9460: 明日晴れるか?:映画を見ました

石原裕次郎主演のこの映画が日活で撮影される1960年より少し前頃、東京オリンピックの数年前の爆発する東京が舞台です。私は実際にはこの時代の東京は殆ど知らず、松本で小学生だった頃のお話です。この映画に出て来たような辺りで、しかも2年後に2度目のオリンピックを控えた東京で、今の私が仕事をしていることに感動を覚えました。

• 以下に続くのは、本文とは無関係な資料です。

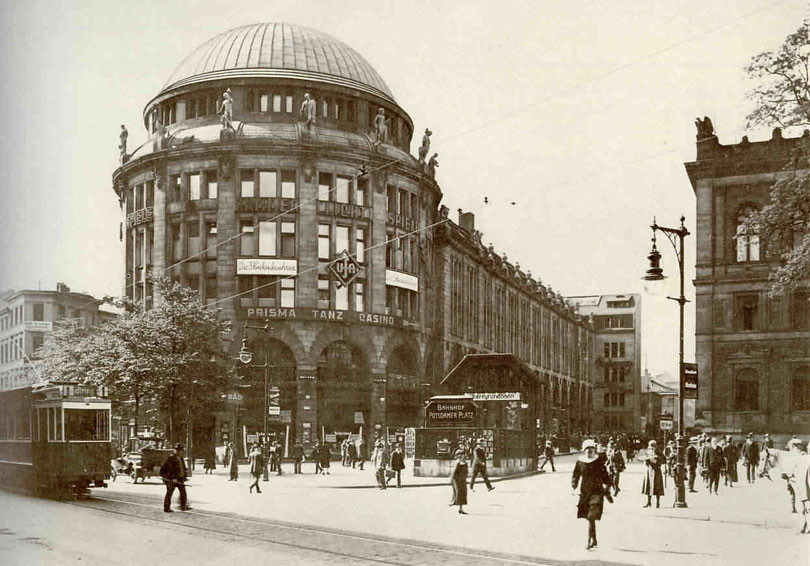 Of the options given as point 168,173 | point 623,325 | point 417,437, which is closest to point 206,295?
point 168,173

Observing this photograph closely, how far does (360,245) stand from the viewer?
1796 inches

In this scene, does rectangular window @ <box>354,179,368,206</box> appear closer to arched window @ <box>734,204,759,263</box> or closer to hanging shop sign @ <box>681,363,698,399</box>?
hanging shop sign @ <box>681,363,698,399</box>

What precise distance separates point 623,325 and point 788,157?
37361 mm

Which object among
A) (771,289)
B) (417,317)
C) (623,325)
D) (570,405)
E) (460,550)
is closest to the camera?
(460,550)

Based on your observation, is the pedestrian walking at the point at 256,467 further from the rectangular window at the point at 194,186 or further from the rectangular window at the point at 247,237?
the rectangular window at the point at 194,186

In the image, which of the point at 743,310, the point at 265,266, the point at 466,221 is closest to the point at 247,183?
the point at 265,266

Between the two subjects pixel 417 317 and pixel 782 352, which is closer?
pixel 782 352

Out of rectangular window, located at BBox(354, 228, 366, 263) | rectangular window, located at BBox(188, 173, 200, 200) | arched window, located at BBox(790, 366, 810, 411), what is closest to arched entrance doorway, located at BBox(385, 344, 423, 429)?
rectangular window, located at BBox(354, 228, 366, 263)

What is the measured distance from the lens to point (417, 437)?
39.0 metres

映画に出てくるのは、先ずは日本橋ビジネス街の(さくら)小西六フィルム会社。この会社は後に合併でコニカミノルタとなり、フィルム業界からはすでに撤退し複写機メーカーになりました。

深川の不動尊:これは同じ門仲なのですが成田山新勝寺東京別院で有る成田不動尊ではなくて、先日、元宮司の弟が姉を殺した富岡八幡宮での撮影でした。永代通りの道路には今は地下鉄東西線に変わってしまいましたが、当時は路面電車が走っていました。

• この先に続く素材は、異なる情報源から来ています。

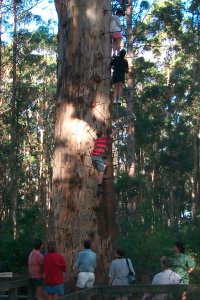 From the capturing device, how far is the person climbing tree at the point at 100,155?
787cm

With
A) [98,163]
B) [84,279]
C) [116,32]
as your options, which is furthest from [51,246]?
[116,32]

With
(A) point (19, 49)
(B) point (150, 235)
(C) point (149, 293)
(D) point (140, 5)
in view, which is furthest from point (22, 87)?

tukudawatasiT佃島の渡船場:こんなものがこのころまでは、まだ有ったのですね。勝鬨橋はもっと前から有ったはずですが、ここには今は数十階建てのマンション(図の右側)が林立しています。出てくる旧赤線地帯はきっと東陽町の洲崎パラダイスです。売春禁止法の完全施行は1958年(昭和33年)4月1日からでしたから新聞掲載中にはそんな景色もまだ見られたのでしょう。

主人公の伯父が役員を務める青果市場も、今は太田市場に移っって廃止になった旧神田市場でしょう。出てくる3輪トラックは運転席が右で丸ハンドルです。その前の時代によく使われていて、中央に自転車の様なハンドルのついていたオート3輪トラックではありません。

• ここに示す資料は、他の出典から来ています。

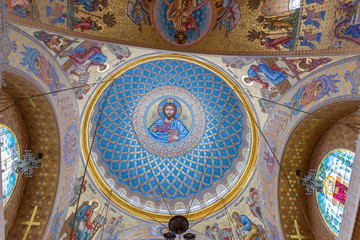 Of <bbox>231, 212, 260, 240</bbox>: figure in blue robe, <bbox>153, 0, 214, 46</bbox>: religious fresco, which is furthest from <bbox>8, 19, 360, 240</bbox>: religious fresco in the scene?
<bbox>153, 0, 214, 46</bbox>: religious fresco

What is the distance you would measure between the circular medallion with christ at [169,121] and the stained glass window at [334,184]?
657 cm

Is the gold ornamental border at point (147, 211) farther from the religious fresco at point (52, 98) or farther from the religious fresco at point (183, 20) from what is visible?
the religious fresco at point (183, 20)

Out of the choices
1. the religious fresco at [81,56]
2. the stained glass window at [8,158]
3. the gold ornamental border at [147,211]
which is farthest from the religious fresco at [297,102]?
the stained glass window at [8,158]

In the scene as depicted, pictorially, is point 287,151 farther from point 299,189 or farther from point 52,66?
point 52,66

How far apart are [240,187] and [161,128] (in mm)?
5608

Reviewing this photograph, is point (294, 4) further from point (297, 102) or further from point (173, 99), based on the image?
point (173, 99)

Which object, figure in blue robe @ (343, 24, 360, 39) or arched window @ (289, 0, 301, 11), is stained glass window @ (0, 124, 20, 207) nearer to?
arched window @ (289, 0, 301, 11)

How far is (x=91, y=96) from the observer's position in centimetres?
1116

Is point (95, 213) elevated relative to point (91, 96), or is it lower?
lower

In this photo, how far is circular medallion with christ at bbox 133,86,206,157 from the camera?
550 inches

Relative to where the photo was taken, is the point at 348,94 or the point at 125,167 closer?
the point at 348,94

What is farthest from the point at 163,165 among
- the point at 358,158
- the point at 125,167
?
the point at 358,158

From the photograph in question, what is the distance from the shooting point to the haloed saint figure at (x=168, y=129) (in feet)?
48.4

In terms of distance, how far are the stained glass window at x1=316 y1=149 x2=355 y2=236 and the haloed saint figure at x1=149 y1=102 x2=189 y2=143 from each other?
7487 mm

私の叔父が関係していた鶏卵市場会社の東洋鶏卵は当時の仲御徒町に有って、此の青果市場の続きでした。私の父が松本の郊外から安曇野で集荷して、東京に出荷していた鶏卵もきっと、このような所で裁かれていたことでしょう。事務所の窓からは国鉄の高架線が見えていましたから、今の秋葉原駅の北西口広場、つくばイクスプレスの始点辺りになったところなのでしょう。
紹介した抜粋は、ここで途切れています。